### Work required
Write out the records below word for word, please.

### Input records
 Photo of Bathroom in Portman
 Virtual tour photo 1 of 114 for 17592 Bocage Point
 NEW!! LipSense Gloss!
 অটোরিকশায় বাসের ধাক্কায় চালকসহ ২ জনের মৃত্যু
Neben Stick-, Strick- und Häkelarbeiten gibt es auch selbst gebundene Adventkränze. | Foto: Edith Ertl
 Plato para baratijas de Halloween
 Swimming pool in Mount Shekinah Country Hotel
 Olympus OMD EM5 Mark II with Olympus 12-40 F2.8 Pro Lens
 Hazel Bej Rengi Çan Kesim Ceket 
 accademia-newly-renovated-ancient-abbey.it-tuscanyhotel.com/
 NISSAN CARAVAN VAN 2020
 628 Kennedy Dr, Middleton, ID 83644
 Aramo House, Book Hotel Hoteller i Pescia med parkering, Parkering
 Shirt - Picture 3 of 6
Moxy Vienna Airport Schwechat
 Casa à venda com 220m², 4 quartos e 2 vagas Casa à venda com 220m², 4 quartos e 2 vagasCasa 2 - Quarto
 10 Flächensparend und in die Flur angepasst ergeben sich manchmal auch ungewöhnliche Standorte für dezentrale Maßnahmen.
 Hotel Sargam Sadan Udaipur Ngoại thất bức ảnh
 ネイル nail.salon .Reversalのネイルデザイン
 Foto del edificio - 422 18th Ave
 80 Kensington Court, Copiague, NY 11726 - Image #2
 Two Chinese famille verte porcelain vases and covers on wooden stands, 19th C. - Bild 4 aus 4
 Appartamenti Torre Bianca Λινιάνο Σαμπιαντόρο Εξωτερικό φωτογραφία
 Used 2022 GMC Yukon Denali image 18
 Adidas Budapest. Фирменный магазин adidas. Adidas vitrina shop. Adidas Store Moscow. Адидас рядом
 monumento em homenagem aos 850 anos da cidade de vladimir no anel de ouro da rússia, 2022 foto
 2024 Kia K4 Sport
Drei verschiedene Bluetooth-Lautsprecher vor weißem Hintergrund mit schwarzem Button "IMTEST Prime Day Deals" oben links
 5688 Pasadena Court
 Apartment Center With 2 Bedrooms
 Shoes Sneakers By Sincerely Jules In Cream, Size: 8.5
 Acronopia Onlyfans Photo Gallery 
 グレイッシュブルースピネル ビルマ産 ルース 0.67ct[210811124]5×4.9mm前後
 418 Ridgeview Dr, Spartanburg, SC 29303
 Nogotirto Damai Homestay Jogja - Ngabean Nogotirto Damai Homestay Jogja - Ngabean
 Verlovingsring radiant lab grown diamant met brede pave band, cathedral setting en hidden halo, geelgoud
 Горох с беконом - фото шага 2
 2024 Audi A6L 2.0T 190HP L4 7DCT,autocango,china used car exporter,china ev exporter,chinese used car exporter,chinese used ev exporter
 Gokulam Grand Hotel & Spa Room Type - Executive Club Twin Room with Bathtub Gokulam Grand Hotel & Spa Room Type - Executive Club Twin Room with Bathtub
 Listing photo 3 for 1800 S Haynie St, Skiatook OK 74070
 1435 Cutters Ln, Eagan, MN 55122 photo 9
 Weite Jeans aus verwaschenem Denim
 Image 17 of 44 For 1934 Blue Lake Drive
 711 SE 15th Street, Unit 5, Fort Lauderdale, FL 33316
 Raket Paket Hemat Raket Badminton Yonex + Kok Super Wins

### Solution for this problem
 Photo of Bathroom in Portman
 Virtual tour photo 1 of 114 for 17592 Bocage Point
 NEW!! LipSense Gloss!
 অটোরিকশায় বাসের ধাক্কায় চালকসহ ২ জনের মৃত্যু
Neben Stick-, Strick- und Häkelarbeiten gibt es auch selbst gebundene Adventkränze. | Foto: Edith Ertl
 Plato para baratijas de Halloween
 Swimming pool in Mount Shekinah Country Hotel
 Olympus OMD EM5 Mark II with Olympus 12-40 F2.8 Pro Lens
 Hazel Bej Rengi Çan Kesim Ceket 
 accademia-newly-renovated-ancient-abbey.it-tuscanyhotel.com/
 NISSAN CARAVAN VAN 2020
 628 Kennedy Dr, Middleton, ID 83644
 Aramo House, Book Hotel Hoteller i Pescia med parkering, Parkering
 Shirt - Picture 3 of 6
Moxy Vienna Airport Schwechat
 Casa à venda com 220m², 4 quartos e 2 vagas Casa à venda com 220m², 4 quartos e 2 vagasCasa 2 - Quarto
 10 Flächensparend und in die Flur angepasst ergeben sich manchmal auch ungewöhnliche Standorte für dezentrale Maßnahmen.
 Hotel Sargam Sadan Udaipur Ngoại thất bức ảnh
 ネイル nail.salon .Reversalのネイルデザイン
 Foto del edificio - 422 18th Ave
 80 Kensington Court, Copiague, NY 11726 - Image #2
 Two Chinese famille verte porcelain vases and covers on wooden stands, 19th C. - Bild 4 aus 4
 Appartamenti Torre Bianca Λινιάνο Σαμπιαντόρο Εξωτερικό φωτογραφία
 Used 2022 GMC Yukon Denali image 18
 Adidas Budapest. Фирменный магазин adidas. Adidas vitrina shop. Adidas Store Moscow. Адидас рядом
 monumento em homenagem aos 850 anos da cidade de vladimir no anel de ouro da rússia, 2022 foto
 2024 Kia K4 Sport
Drei verschiedene Bluetooth-Lautsprecher vor weißem Hintergrund mit schwarzem Button "IMTEST Prime Day Deals" oben links
 5688 Pasadena Court
 Apartment Center With 2 Bedrooms
 Shoes Sneakers By Sincerely Jules In Cream, Size: 8.5
 Acronopia Onlyfans Photo Gallery 
 グレイッシュブルースピネル ビルマ産 ルース 0.67ct[210811124]5×4.9mm前後
 418 Ridgeview Dr, Spartanburg, SC 29303
 Nogotirto Damai Homestay Jogja - Ngabean Nogotirto Damai Homestay Jogja - Ngabean
 Verlovingsring radiant lab grown diamant met brede pave band, cathedral setting en hidden halo, geelgoud
 Горох с беконом - фото шага 2
 2024 Audi A6L 2.0T 190HP L4 7DCT,autocango,china used car exporter,china ev exporter,chinese used car exporter,chinese used ev exporter
 Gokulam Grand Hotel & Spa Room Type - Executive Club Twin Room with Bathtub Gokulam Grand Hotel & Spa Room Type - Executive Club Twin Room with Bathtub
 Listing photo 3 for 1800 S Haynie St, Skiatook OK 74070
 1435 Cutters Ln, Eagan, MN 55122 photo 9
 Weite Jeans aus verwaschenem Denim
 Image 17 of 44 For 1934 Blue Lake Drive
 711 SE 15th Street, Unit 5, Fort Lauderdale, FL 33316
 Raket Paket Hemat Raket Badminton Yonex + Kok Super Wins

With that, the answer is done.